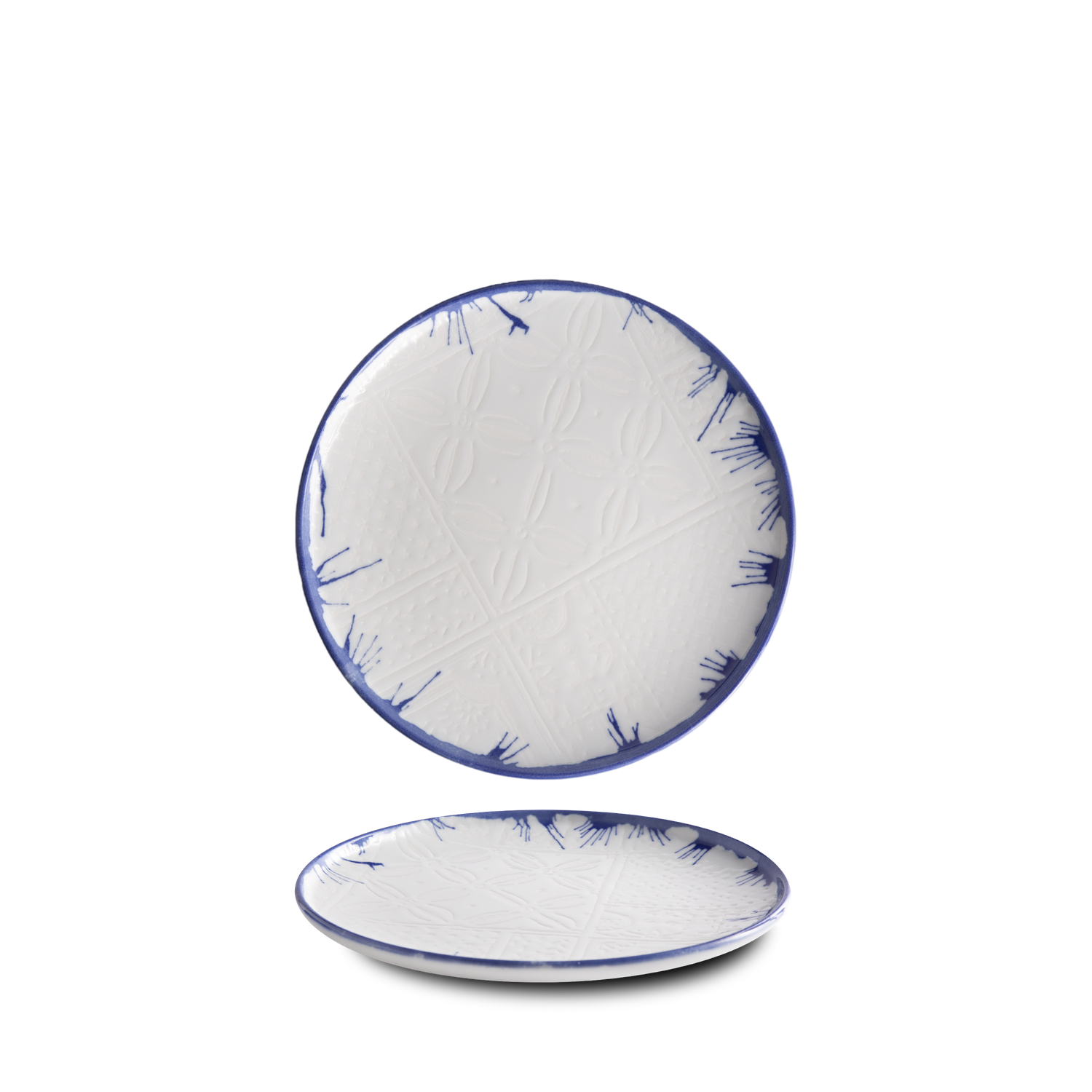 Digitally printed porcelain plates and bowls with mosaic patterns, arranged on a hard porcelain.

· · · ·

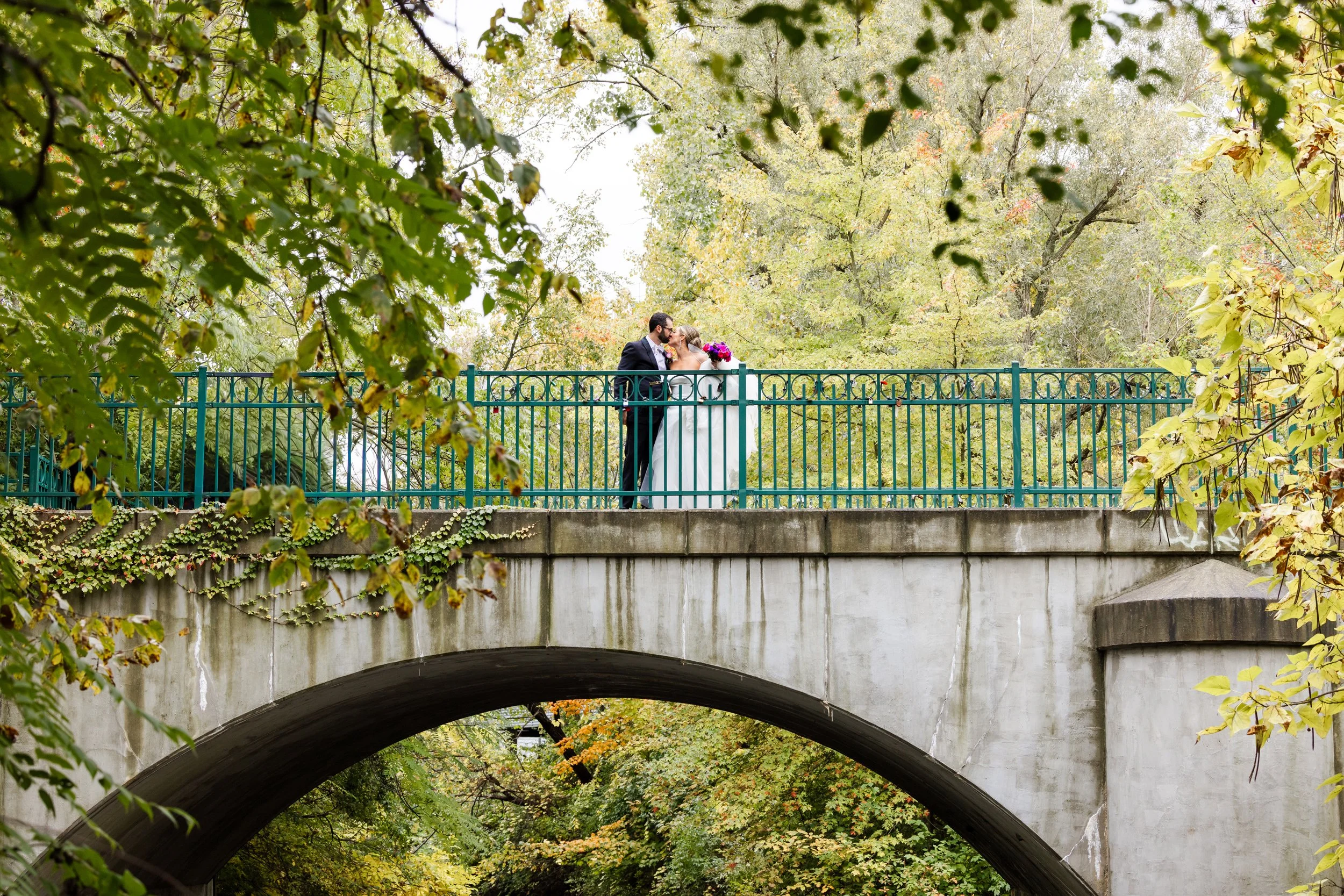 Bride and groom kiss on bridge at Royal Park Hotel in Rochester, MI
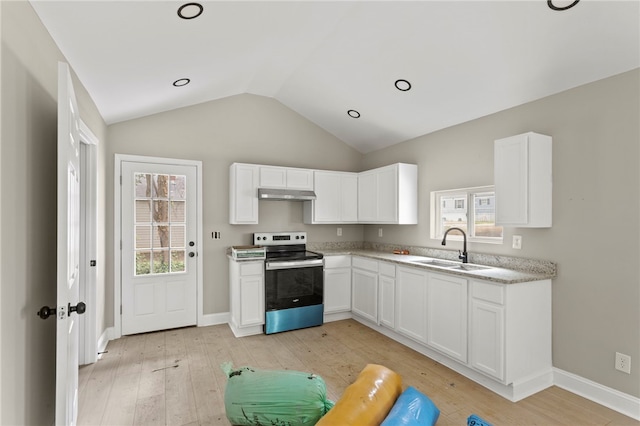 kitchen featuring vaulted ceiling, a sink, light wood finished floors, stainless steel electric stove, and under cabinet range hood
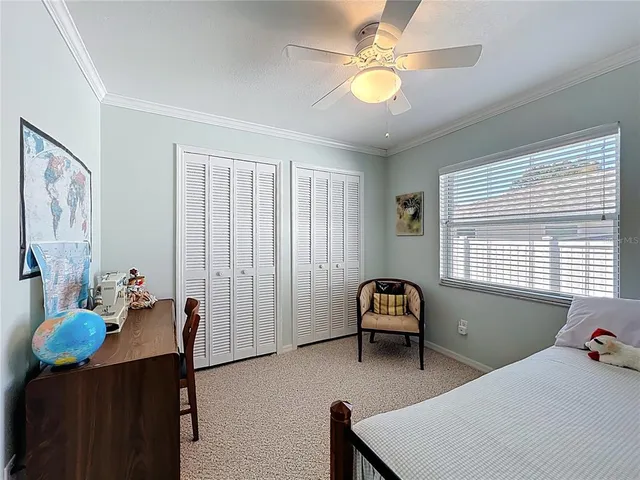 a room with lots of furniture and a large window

· · · ·

**ASSIGNMENT**
The answer is the lines above from the one with "kitchen featuring vaulted" to the one with "a room with", set down exactly, with no pictures.

**ANSWER**
 kitchen featuring vaulted ceiling, a sink, light wood finished floors, stainless steel electric stove, and under cabinet range hood
 a room with lots of furniture and a large window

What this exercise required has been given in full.